De moordaanslag op twee medewerkers van de Israëlische ambassade in Washington heeft in Duitsland de discussie over de veiligheid van joodse en Israëlische instellingen aangewakkerd. Het is in Duitsland al langer de standaard dat voor synagogen politieagenten patrouilleren – een zichtbare blijk van het feit dat joden niet in het openbaar hun geloof kunnen belijden en zich tegelijkertijd veilig kunnen voelen. Dit wordt ook geïllustreerd door een enquête die de ‘Zentralrat der Juden’ in 2024 publiceerde na de aanval van Hamas op Israël op 7 oktober 2023. Meer dan 60 procent van de ondervraagde leiders van joodse gemeenschappen verklaarde dat de oorlog in Israël een negatieve impact had gehad op hun gemeenschap. De redenen hiervoor zijn angst voor aanslagen, minder bezoekers en een merkbare toename van antisemitisme. Dit meldt de Rheinische Post.
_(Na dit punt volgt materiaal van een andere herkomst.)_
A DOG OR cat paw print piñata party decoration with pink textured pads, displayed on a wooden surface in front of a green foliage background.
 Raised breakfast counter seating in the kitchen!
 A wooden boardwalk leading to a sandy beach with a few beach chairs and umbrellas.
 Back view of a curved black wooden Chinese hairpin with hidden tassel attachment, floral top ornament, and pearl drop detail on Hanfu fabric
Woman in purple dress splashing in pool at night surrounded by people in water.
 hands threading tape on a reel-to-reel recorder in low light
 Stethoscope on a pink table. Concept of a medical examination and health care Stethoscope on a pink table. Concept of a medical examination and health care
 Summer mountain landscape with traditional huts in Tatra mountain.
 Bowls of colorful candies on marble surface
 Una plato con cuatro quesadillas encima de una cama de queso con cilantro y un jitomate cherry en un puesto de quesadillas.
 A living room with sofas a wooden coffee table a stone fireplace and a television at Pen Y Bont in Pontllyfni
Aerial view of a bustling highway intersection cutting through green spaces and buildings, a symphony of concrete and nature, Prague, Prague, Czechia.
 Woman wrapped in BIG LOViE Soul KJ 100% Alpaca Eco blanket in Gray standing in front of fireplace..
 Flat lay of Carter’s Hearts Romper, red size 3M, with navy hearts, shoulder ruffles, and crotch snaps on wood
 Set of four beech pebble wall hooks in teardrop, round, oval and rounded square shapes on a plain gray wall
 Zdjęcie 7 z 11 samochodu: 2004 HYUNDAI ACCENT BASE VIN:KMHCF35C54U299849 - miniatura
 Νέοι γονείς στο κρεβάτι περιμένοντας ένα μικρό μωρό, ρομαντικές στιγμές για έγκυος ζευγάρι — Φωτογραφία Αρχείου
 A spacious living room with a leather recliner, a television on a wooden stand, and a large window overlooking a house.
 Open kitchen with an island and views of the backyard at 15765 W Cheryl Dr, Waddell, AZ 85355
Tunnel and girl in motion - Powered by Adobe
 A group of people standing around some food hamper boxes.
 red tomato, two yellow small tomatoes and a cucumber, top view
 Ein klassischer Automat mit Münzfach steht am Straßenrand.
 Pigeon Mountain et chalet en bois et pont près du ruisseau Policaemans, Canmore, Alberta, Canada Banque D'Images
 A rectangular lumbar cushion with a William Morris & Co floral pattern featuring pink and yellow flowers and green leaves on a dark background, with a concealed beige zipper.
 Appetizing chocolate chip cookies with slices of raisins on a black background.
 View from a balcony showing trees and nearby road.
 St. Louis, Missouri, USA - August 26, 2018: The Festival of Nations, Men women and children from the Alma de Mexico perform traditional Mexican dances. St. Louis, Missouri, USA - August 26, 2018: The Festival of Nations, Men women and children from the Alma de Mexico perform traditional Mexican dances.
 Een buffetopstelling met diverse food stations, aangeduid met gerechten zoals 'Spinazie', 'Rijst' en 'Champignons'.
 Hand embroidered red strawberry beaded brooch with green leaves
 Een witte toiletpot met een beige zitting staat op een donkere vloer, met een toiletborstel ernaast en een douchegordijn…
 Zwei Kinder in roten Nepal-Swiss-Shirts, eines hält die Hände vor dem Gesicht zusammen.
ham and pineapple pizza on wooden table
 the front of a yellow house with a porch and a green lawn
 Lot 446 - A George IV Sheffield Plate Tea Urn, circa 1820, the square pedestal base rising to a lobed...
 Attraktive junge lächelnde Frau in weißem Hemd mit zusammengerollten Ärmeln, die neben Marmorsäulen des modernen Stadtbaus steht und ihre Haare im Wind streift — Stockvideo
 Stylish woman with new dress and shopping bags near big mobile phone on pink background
De Duitse Bondsregering financiert verregaande veiligheidsmaatregelen, maar al langer – niet pas sinds de aanslag in Washington – rijst de vraag, of de bescherming wel voldoende is. De overheid ondersteunt joodse gemeenschappen financieel om het joodse leven in Duitsland zichtbaar te maken, te herdenken en de veiligheid te vergroten. Deze subsidies werden al aanzienlijk verhoogd vóór de aanslag van 7 oktober. Sinds april 2023 ontvangen de gemeenten jaarlijks 22 miljoen euro, waar dit voorheen 13 miljoen euro bedroeg. Dit geld wordt enerzijds gebruikt voor structurele fysieke veiligheidsmaatregelen zoals sluizen, prikkeldraad en dergelijke versperringen, en anderzijds om veiligheidspersoneel op te leiden.
Preventie
De ‘Zentralrat’ noemt het feit dat joden en Israëli’s bedreigd worden bitter, maar beschouwt absolute veiligheid in een vrije samenleving ook als onmogelijk. Daarom ziet de raad preventie en voorlichting als een zeer belangrijke taak, omdat dit er uiteindelijk toe moet leiden dat deze extreme veiligheidsmaatregelen op een gegeven moment niet meer nodig zijn. De financiering door de Duitse overheid dient daarom ook te worden gebruikt om de voorlichting op universiteiten, scholen en in het politieke onderwijs uit te breiden, en systematische en uitgebreide informatie te bieden over de achtergrond van het conflict in het Midden-Oosten.